For an S, it's 975 gallons for each control area, before allowable increases.



> Is it 975 for a SINGLE control area and 500 for others?  Is the 8 foot storage height only for the SINGLE control area allowed for 975 gallons?


As I read it, it's 975 gallons and 8' high for each control area, before allowable increases.  If you have 975 gallons and 8' high in each, then you haven't exceeded the amount "within a single control area."  I checked the commentary as well, and nothing suggests they may have 975 gallons and 8' within ONLY ONE control area.
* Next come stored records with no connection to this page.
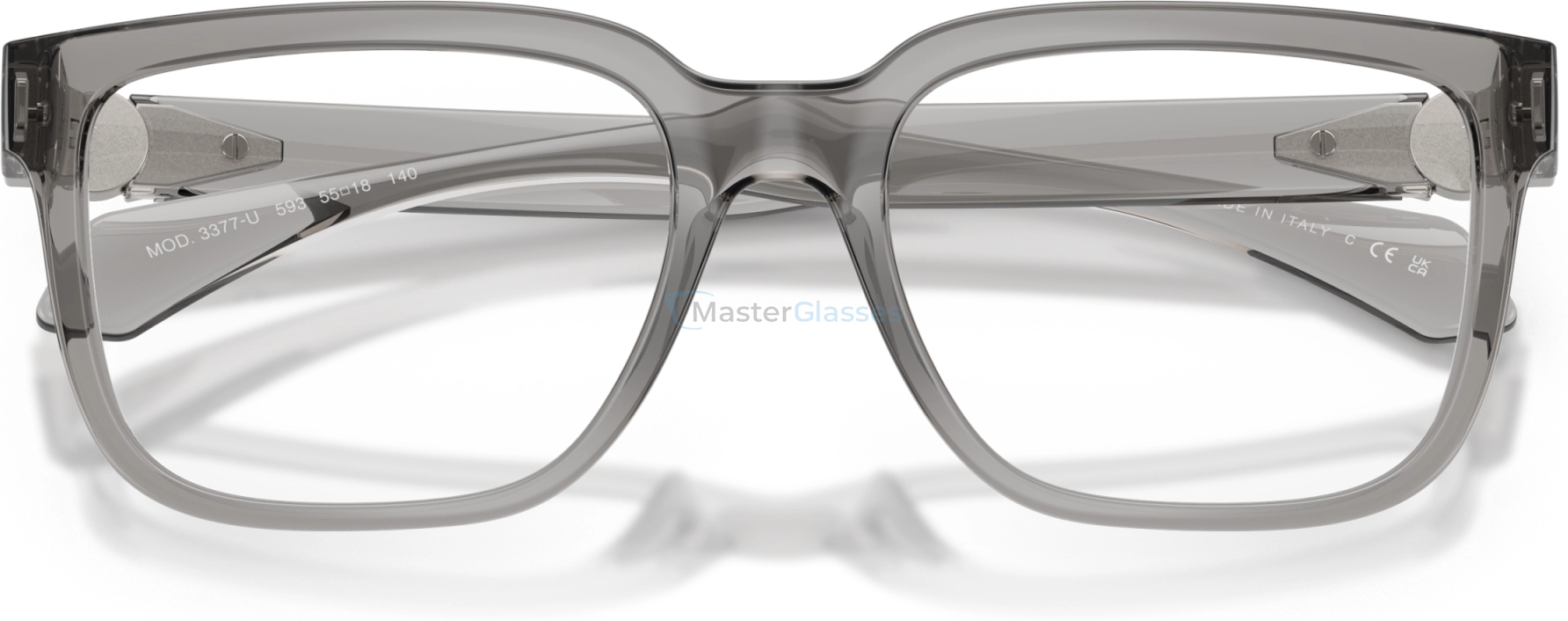  Versace VE3377U 593 Grey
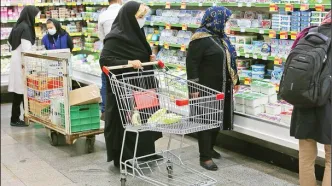 حذف پروتئین و لبنیات از سبد غذایی کارگران/سقوط آزاد قدرت خرید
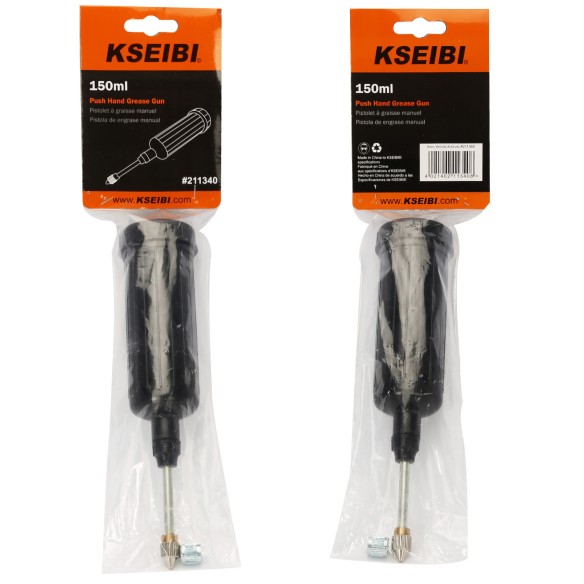 Hochwertige Druck Fettpresse 150 Ml für präzise Schmierung | KSEIBI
They have a couple of options if they need more than 4 control areas.  They could build a firewall, creating a separate building, and gain additional control areas within that building.  Otherwise, they could be classified as an H occupancy.


----------



## mjesse (May 10, 2011)

I have recently approved 4 control areas, separated by a fire barrier in a fully sprinklered building.

Each control area may contain no more than 1950 gallons, AND not more than one pallet high AND less than 8' .

The control areas are used to store palletized containers of sulfuric acid for filling of lead-acid batteries,

The control areas are also defined by an 8" raised curb with forklift ramps, and sealed with a corrosive resistant epoxy.

Fire district has also signed off on the construction.

Let me know if you want more info.

mj


----------



## cda (May 10, 2011)

Still trying to figure out what this is telling you



			
				cda said:
			
		

> does this get you over the quantity allowed:::??? but maybe still have the hieght problem??2003 IFC
> 
> 2703.11 GroupMstorage and display and Group S storage.
> 
> ...


----------



## cda (May 10, 2011)

Yes sounds good but you get am increase for sprinklers


----------



## mjesse (May 10, 2011)

cda said:
			
		

> Yes sounds good but you get am increase for sprinklers


My bad. Yes we did allow 1950 gals/per due to sprinkler protection.

mj


----------